Of course, I could have studied in college without Adderall, just like I did in high school--I just couldn't have studied with such ecstasy. Theoretical texts, in particular, were transformed into exercises as conquerable as a Tuesday crossword. I could work out in the gym with a Xeroxed packet of Gayatri Spivak perched on the elliptical machine in front of me, reading and burning calories at the same time. The efficacy of the multitasking was exhilarating. On Adderall, the densest writing became penetrable. I had an illusion of mastery, at least, that lasted long enough to write the necessary papers and presentations. I could never remember what I had written the next day, but I justified this forgetfulness as an accelerated version of what would happen anyway after I graduated.

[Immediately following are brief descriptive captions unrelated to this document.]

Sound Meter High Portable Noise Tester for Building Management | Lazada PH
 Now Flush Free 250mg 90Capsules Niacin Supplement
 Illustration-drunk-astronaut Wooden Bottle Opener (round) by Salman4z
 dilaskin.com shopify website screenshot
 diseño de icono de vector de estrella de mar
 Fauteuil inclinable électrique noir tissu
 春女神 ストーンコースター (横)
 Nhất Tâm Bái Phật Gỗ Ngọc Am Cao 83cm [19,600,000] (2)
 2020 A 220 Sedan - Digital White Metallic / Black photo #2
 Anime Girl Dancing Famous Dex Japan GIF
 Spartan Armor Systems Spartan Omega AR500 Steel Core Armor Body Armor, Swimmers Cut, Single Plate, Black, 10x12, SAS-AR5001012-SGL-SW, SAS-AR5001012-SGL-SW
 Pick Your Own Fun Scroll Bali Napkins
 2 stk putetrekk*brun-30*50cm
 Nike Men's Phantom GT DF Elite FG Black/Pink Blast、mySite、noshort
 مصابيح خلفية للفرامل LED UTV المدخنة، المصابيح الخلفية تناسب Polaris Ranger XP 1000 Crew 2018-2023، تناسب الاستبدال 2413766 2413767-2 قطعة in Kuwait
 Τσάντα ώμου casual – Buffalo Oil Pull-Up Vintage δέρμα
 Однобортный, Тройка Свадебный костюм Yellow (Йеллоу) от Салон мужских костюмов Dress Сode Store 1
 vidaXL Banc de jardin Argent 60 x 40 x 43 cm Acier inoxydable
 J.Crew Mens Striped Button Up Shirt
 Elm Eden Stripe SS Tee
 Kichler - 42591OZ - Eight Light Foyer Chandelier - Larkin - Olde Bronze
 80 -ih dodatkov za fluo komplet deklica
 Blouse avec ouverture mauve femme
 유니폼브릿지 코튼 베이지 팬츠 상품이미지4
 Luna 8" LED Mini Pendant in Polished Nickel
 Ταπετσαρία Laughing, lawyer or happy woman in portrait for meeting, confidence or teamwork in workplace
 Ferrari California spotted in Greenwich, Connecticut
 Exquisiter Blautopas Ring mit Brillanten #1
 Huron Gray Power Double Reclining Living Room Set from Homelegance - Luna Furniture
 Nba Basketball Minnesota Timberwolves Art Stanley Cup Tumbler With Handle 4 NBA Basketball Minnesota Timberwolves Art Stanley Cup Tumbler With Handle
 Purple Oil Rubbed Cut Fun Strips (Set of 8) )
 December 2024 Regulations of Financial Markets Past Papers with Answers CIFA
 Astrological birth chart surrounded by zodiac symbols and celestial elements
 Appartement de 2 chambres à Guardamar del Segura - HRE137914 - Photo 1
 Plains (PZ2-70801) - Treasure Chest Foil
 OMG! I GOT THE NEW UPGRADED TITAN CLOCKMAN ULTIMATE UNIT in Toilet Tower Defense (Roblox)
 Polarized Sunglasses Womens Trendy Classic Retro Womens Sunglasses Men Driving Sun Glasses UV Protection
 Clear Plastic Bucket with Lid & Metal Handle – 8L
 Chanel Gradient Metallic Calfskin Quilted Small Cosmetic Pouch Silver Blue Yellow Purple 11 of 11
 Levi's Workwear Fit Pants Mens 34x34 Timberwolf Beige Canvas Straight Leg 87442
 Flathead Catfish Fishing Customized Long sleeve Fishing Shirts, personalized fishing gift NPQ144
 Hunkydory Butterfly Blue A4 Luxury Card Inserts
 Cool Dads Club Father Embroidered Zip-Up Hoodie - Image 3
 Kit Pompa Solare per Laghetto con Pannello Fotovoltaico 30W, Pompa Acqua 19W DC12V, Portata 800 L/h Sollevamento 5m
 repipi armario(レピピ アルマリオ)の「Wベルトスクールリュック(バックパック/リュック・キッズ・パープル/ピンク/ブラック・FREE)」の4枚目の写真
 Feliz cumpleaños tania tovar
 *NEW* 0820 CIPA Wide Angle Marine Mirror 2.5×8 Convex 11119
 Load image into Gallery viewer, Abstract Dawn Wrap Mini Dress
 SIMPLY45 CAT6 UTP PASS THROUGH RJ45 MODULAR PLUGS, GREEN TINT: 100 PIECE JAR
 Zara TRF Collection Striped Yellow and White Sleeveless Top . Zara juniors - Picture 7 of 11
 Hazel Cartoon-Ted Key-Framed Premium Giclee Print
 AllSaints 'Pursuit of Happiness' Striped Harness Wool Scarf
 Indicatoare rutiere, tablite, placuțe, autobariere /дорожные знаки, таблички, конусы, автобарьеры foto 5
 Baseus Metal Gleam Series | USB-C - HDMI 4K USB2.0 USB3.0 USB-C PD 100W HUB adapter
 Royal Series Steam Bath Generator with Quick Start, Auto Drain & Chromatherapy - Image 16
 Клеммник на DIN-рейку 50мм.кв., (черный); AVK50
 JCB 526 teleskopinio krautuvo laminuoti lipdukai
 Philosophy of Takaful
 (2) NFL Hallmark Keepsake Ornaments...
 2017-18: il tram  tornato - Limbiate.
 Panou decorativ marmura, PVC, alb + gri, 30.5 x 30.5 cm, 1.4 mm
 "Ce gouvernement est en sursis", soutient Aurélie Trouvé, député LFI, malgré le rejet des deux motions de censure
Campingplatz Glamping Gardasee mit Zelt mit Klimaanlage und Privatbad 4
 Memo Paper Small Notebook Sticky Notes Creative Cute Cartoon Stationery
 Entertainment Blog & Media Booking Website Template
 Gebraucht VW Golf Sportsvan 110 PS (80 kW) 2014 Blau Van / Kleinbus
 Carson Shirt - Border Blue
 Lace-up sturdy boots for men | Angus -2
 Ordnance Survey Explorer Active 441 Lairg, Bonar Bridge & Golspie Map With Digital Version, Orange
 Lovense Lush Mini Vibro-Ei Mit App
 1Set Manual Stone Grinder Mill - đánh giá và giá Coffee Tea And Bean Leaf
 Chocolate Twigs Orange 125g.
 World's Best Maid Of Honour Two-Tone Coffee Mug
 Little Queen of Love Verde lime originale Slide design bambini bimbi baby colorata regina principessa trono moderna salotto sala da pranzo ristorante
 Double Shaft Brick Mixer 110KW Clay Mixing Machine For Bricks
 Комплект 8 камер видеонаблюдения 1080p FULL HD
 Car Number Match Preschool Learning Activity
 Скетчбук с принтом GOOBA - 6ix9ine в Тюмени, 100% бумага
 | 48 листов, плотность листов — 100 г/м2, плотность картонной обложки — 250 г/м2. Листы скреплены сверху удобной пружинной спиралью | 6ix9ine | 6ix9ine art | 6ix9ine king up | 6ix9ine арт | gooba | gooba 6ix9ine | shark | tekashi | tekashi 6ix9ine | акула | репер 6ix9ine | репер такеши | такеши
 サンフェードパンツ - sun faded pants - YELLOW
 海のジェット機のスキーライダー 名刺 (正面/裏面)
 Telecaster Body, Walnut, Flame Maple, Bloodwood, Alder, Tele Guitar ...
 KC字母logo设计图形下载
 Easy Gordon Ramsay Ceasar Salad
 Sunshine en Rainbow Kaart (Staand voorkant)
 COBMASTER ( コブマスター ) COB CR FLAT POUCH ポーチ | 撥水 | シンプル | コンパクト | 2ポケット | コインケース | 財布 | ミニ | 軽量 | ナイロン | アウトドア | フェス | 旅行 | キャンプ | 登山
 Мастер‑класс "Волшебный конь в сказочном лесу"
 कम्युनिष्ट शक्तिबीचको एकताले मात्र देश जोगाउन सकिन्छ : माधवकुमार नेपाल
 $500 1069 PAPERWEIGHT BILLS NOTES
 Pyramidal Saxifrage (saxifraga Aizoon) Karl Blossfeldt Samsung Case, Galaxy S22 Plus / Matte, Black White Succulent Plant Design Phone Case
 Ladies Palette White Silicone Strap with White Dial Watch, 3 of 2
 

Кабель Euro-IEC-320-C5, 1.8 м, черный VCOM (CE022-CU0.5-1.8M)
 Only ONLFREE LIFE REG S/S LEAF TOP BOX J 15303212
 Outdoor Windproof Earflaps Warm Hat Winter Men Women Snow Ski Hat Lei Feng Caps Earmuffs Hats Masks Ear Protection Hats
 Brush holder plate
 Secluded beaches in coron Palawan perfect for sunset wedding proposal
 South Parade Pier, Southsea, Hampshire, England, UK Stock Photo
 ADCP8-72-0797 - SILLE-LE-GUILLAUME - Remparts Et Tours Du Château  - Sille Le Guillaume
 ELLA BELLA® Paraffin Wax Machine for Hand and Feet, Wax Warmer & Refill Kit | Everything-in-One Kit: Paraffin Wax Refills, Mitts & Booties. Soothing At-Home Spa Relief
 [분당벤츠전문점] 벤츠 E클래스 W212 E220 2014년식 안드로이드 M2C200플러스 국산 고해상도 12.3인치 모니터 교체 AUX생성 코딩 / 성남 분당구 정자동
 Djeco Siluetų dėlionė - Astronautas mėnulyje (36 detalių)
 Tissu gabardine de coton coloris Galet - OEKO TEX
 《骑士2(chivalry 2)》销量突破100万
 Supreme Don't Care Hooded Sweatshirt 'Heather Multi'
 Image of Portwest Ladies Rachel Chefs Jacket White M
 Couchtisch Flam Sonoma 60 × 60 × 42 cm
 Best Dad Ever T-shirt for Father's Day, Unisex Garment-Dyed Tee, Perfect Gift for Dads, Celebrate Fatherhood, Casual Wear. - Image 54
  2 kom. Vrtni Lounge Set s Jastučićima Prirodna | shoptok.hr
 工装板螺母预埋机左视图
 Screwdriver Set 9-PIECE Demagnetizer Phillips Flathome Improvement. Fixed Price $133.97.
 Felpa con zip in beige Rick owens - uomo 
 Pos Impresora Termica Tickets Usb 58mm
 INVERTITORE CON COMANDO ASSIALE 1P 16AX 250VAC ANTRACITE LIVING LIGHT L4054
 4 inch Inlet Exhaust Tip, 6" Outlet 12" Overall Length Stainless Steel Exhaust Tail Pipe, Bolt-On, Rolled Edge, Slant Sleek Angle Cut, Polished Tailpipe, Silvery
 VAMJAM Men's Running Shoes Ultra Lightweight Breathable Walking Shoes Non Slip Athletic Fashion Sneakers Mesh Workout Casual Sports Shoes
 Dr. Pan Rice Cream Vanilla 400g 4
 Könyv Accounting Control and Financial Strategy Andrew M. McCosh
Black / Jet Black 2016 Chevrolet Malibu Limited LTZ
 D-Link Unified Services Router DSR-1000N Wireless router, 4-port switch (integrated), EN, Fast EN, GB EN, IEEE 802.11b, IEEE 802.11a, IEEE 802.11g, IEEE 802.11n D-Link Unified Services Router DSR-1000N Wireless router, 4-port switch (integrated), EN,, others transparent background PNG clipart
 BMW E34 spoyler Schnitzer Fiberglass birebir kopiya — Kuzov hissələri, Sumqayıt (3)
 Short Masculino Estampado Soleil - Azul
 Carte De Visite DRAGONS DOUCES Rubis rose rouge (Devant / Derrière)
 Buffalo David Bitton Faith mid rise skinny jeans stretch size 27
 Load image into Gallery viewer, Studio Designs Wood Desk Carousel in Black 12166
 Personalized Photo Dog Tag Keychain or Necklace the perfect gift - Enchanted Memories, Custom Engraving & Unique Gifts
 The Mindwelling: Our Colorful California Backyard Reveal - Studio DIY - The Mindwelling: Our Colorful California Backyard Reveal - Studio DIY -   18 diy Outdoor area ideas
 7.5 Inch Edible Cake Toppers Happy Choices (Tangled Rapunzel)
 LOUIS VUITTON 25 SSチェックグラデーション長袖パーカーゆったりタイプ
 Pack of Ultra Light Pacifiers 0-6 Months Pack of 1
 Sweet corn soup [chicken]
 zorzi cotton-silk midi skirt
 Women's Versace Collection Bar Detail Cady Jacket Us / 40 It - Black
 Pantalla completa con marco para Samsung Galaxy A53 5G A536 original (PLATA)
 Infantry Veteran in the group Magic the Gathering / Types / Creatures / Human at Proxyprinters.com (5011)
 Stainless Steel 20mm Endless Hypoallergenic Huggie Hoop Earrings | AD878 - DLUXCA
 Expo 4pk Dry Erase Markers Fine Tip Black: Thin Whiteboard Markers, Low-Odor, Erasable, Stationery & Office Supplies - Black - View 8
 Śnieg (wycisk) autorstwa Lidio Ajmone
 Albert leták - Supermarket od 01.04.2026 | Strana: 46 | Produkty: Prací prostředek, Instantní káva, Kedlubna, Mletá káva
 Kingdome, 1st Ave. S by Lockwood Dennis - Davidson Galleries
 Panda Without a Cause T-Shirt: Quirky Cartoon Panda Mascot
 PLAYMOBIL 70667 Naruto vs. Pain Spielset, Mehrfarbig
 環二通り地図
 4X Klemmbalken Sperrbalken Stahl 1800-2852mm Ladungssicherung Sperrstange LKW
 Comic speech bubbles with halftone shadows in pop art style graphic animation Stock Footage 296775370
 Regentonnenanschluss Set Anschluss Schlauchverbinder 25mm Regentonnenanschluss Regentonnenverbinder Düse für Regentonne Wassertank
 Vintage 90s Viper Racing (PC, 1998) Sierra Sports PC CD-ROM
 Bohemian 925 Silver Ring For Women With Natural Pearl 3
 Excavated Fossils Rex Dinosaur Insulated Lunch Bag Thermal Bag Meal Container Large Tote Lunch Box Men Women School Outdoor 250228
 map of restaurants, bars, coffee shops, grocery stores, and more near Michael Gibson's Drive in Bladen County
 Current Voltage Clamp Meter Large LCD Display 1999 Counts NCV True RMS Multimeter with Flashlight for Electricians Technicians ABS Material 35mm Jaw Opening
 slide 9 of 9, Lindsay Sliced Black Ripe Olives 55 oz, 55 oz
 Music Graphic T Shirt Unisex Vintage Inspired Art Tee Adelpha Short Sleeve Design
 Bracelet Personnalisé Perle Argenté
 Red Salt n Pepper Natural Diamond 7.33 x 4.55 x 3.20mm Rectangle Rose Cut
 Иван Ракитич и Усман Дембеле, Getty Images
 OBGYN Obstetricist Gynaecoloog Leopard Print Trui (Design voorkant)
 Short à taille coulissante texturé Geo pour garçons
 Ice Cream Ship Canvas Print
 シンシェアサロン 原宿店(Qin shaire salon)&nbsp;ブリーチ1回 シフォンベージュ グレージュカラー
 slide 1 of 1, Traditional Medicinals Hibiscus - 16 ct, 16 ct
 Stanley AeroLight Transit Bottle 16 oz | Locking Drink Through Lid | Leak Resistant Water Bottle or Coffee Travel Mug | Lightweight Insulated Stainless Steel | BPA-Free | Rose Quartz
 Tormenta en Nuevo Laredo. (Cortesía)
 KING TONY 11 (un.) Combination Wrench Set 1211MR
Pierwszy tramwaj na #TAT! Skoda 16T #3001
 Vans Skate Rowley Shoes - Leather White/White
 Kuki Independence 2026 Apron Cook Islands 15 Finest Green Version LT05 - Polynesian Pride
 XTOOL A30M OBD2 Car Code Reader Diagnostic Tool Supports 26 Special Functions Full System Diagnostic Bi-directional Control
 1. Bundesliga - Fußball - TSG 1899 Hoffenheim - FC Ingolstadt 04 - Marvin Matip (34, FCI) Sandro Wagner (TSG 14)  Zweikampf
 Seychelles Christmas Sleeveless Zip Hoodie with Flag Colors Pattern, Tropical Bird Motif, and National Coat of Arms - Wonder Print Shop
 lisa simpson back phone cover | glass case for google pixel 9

I've never tried Adderall, as my one experience with uppers turned me into a miserable, jittery insomniac for a week. That said, I knew plenty of kids who experimented with ADHD leftovers and I'd always get annoyed before taking an exam that was going to be graded on a steep curve. I'd look around at my competition and see all these sunken eyes and twitchy hands and I'd feel like a pitcher that didn't dabble in HGH.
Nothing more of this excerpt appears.